Quick Start

Install

cd AgentStateCrucible
pip install -e .

Define a scenario

scenarios/billing-refactor.yaml:

scenario: billing-refactor
starting_state:
  repo: ./fixtures/billing-repo
task: |
  Refactor the proration calculator to handle mid-cycle upgrades.
  The current implementation is correct but unreadable.
policy:
  allowed_effects: [io.fs.read, io.fs.write]
  forbidden_effects: [io.net.out]
expectations:
  - all_existing_tests_pass
  - no_new_io_categories

Run the bake-off

crucible run scenarios/billing-refactor.yaml \
  --agents agent-a,agent-b,agent-c \
  --epoch crucible-2026-05-30

Each agent receives the same scenario.
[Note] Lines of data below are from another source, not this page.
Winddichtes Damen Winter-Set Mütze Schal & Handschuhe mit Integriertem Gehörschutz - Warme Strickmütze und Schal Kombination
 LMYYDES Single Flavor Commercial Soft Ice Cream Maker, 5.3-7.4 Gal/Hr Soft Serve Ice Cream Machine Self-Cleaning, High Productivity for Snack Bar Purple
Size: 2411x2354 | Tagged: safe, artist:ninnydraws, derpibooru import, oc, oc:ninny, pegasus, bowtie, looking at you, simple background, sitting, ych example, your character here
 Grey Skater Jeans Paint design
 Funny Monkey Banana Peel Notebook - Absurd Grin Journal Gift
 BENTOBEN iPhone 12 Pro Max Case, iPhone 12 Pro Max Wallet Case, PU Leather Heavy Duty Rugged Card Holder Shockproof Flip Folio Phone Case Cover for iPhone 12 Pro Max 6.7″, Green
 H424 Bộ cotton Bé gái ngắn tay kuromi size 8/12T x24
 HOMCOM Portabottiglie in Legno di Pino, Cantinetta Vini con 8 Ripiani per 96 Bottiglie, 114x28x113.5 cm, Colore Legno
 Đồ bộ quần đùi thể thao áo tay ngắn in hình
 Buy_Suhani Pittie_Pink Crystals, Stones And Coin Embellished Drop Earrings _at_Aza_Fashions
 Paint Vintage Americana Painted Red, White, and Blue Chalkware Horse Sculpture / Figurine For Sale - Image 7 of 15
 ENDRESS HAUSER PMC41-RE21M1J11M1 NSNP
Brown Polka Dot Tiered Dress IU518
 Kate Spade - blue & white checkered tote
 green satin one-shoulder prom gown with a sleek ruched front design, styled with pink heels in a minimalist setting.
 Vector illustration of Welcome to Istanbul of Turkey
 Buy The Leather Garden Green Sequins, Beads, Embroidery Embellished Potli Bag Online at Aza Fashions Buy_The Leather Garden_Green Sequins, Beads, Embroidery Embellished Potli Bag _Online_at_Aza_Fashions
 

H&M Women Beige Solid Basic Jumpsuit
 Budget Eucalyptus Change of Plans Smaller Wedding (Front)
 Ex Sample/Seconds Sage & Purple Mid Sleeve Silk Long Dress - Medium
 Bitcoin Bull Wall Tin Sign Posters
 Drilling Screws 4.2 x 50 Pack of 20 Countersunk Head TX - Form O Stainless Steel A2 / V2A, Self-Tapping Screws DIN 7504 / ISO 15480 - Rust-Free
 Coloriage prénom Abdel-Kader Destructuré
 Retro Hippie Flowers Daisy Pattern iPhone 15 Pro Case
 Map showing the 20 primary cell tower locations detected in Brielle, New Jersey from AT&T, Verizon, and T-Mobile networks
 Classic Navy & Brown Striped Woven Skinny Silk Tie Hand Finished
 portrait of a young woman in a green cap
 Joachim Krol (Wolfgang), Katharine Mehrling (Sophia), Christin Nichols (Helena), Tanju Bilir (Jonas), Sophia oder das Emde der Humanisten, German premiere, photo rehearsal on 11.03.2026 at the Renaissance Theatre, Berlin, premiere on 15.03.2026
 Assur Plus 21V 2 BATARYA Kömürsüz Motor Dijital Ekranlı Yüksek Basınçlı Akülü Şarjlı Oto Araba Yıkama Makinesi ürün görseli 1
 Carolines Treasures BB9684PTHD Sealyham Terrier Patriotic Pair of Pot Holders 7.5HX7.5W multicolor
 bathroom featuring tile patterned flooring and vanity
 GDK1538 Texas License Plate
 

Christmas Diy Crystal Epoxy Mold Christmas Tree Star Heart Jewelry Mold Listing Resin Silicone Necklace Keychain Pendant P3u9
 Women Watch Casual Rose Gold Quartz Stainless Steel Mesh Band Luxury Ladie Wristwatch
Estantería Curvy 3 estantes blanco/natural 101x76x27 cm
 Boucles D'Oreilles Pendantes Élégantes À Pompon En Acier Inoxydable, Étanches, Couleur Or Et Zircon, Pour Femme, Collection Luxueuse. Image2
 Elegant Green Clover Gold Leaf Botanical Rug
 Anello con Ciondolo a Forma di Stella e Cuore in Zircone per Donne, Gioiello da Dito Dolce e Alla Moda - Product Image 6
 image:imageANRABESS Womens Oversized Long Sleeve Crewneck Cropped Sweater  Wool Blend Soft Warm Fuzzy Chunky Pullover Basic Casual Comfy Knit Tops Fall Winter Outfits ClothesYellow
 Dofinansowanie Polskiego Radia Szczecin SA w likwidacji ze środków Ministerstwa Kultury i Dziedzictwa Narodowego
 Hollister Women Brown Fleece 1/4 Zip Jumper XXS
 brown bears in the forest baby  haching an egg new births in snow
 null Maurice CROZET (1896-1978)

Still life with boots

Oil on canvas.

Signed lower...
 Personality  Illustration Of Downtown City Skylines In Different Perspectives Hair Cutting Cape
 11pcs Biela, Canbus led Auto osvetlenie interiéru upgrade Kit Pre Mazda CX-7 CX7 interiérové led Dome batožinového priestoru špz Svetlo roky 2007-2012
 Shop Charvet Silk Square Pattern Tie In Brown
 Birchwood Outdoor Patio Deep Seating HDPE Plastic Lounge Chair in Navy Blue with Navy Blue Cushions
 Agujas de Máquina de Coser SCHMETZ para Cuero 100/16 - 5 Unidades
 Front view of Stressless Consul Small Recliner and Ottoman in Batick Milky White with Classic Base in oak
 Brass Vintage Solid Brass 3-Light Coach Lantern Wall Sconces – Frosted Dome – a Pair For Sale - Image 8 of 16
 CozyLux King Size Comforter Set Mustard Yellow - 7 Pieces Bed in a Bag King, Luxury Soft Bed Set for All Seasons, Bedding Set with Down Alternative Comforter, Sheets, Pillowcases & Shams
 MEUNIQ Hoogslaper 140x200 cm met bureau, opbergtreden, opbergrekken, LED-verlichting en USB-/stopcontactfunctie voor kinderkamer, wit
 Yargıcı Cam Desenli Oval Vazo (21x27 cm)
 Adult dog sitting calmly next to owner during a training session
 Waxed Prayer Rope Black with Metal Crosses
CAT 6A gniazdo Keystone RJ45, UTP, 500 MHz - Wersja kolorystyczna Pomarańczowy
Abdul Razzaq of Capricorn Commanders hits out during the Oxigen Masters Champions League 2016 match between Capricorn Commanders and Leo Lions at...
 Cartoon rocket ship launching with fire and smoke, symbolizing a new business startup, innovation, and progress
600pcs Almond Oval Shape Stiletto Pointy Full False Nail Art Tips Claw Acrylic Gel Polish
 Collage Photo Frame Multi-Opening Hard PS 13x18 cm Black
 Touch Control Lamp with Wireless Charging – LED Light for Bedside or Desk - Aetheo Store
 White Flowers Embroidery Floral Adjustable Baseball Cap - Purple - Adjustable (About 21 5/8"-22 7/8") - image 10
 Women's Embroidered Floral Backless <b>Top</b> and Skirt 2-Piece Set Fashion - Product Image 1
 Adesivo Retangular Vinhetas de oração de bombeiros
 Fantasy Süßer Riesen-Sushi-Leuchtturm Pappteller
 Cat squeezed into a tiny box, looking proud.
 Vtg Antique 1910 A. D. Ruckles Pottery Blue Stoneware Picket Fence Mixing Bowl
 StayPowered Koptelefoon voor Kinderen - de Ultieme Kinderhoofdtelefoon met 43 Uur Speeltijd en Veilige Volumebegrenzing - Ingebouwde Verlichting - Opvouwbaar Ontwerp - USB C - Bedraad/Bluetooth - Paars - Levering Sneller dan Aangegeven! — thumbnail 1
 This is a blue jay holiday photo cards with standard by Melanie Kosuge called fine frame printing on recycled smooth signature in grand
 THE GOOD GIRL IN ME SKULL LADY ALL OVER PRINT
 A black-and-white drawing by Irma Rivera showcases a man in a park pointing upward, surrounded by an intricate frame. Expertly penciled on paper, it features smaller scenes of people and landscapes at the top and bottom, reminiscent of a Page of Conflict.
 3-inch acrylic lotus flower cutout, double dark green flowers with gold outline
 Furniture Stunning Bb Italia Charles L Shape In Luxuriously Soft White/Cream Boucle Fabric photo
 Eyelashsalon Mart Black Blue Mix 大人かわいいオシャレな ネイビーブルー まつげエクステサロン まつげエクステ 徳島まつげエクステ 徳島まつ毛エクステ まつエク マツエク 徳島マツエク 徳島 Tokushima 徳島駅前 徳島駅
Crucible records every decision each agent makes as a decision commit on its own branch of the ASG store.

Judge

crucible judge \
  --epoch crucible-2026-05-30 \
  --judge opus-judge-v2

The judge agent reads each run, scores it on correctness / reasoning / blast radius, and writes its rulings back as ratification commits.

Seal the epoch

crucible seal --epoch crucible-2026-05-30 --sign craig@

The epoch is now tamper-evident. Export it as a self-contained bundle to hand to a stakeholder or auditor:

crucible export --epoch crucible-2026-05-30 --out crucible-2026-05-30.json

Replay against a new agent version

crucible diff --epoch q1-2026 --against crucible-2026-05-30

Any divergence — different reasoning, different effect set, different outcome — is flagged for review, even if the test status didn’t change.